___ Provided material

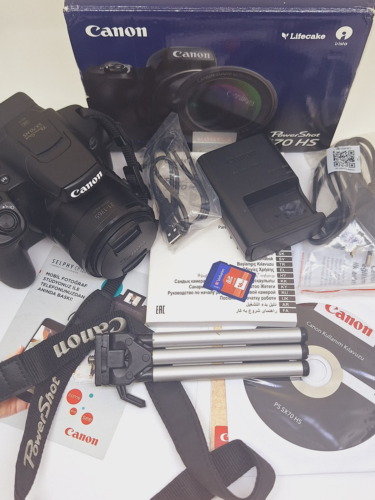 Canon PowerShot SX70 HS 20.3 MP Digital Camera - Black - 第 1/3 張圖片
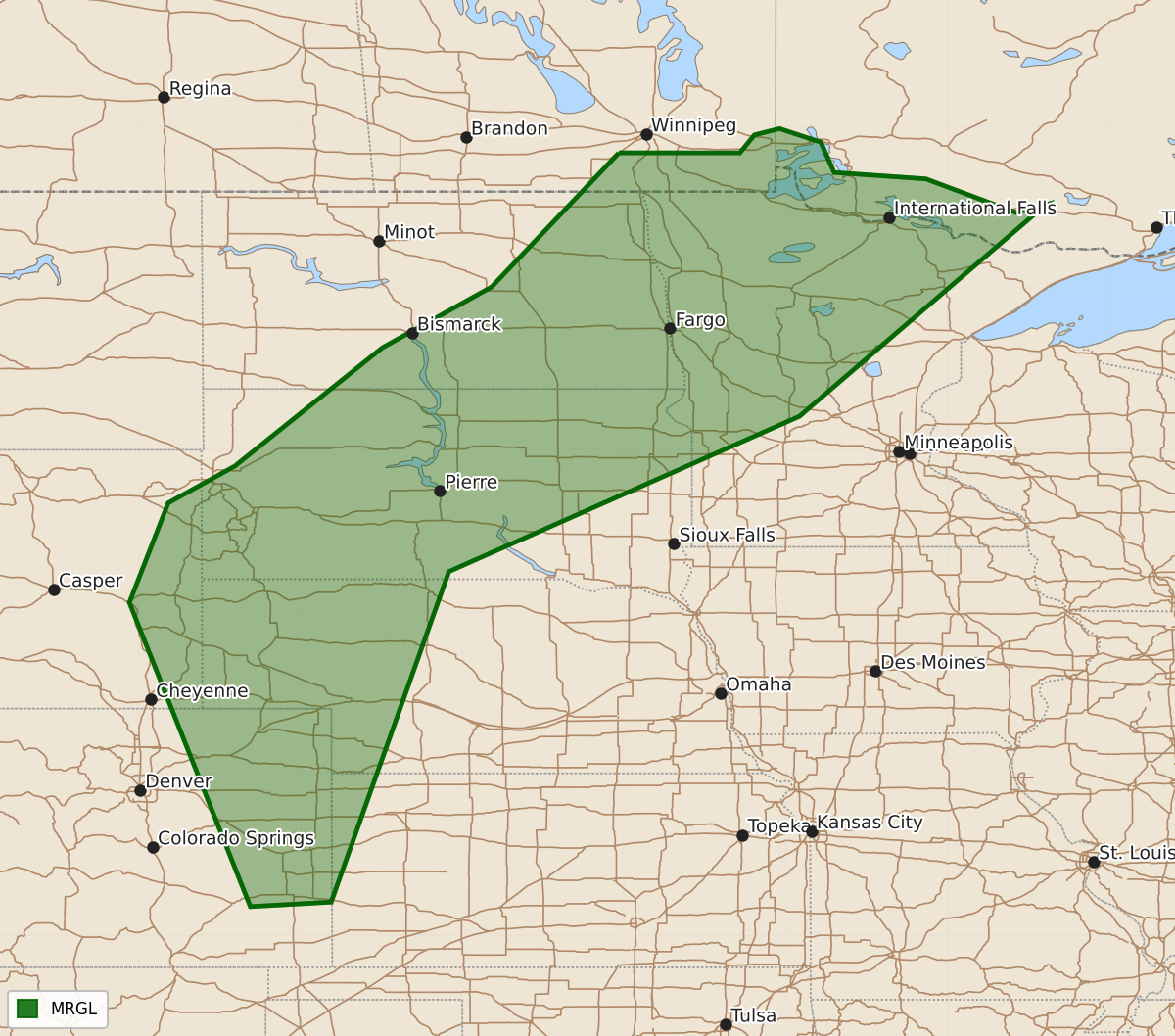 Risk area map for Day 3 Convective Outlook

______
___ Provided material

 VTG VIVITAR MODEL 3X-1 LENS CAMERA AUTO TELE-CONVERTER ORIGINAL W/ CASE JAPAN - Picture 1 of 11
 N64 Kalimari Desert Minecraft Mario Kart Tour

______

• _What is required_: Everything from the line above that contains "Canon PowerShot SX70" down to the line that contains "Risk area map for Day 3 Convective Outlook" must be reproduced exactly, both ends included. Omit the pictures.

• _Answer section_:
 Canon PowerShot SX70 HS 20.3 MP Digital Camera - Black - 第 1/3 張圖片
 Risk area map for Day 3 Convective Outlook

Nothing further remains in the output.